** Opening Supplied records block **

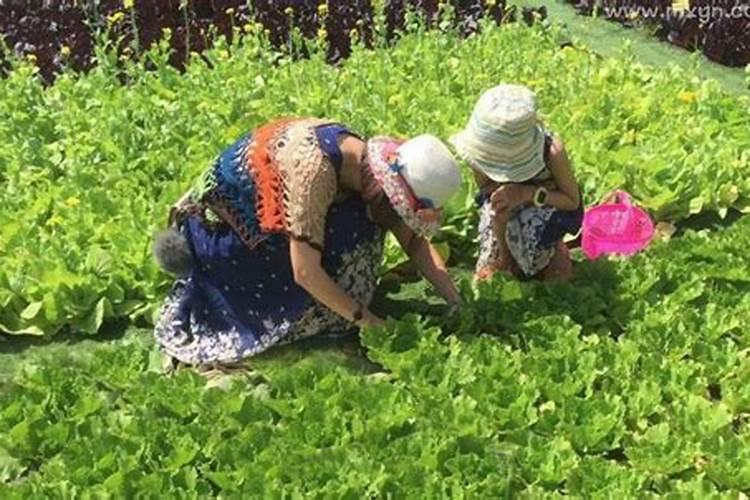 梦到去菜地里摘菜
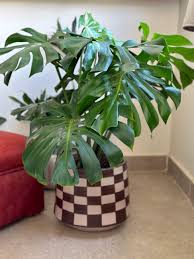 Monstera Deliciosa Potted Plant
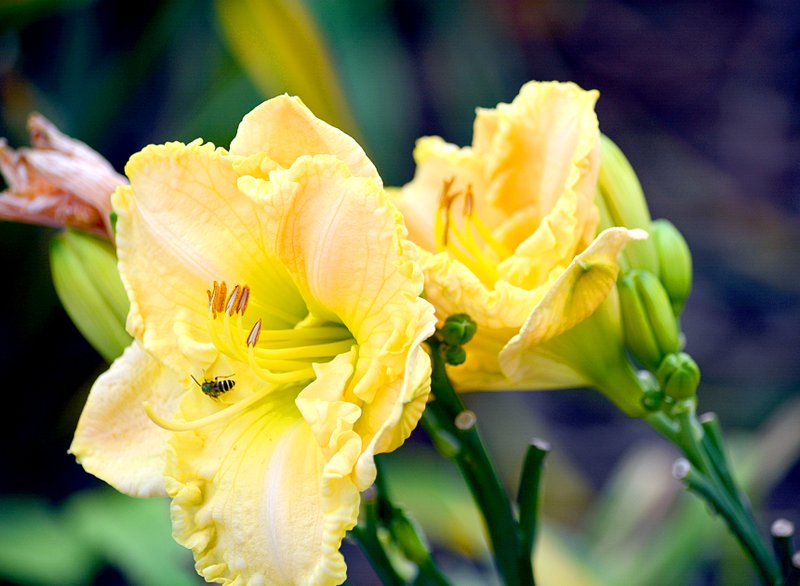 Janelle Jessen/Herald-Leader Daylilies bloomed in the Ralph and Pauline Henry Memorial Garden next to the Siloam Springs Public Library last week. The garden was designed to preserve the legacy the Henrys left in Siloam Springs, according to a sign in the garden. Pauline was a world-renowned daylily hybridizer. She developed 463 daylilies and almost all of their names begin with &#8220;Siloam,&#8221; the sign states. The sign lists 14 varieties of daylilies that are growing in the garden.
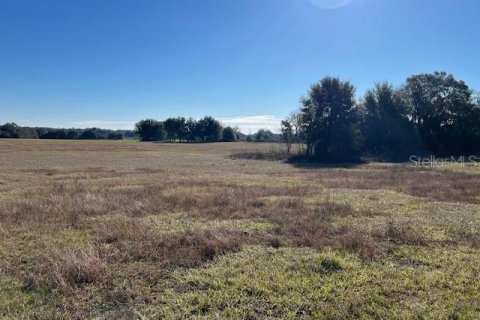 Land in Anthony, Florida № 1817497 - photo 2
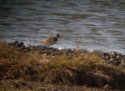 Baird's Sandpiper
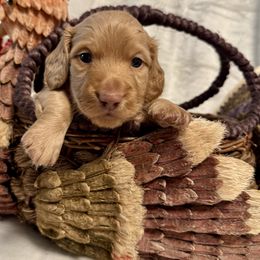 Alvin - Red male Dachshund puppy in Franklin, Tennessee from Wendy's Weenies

** Closing Supplied records block **

Exercise details
Start at the line holding "Land in Anthony, Florida № 1817497 - photo 2" and stop at the last line of the entries above. Repeat those lines exactly, pictures excluded.

Completed exercise
 Land in Anthony, Florida № 1817497 - photo 2
 Baird's Sandpiper
 Alvin - Red male Dachshund puppy in Franklin, Tennessee from Wendy's Weenies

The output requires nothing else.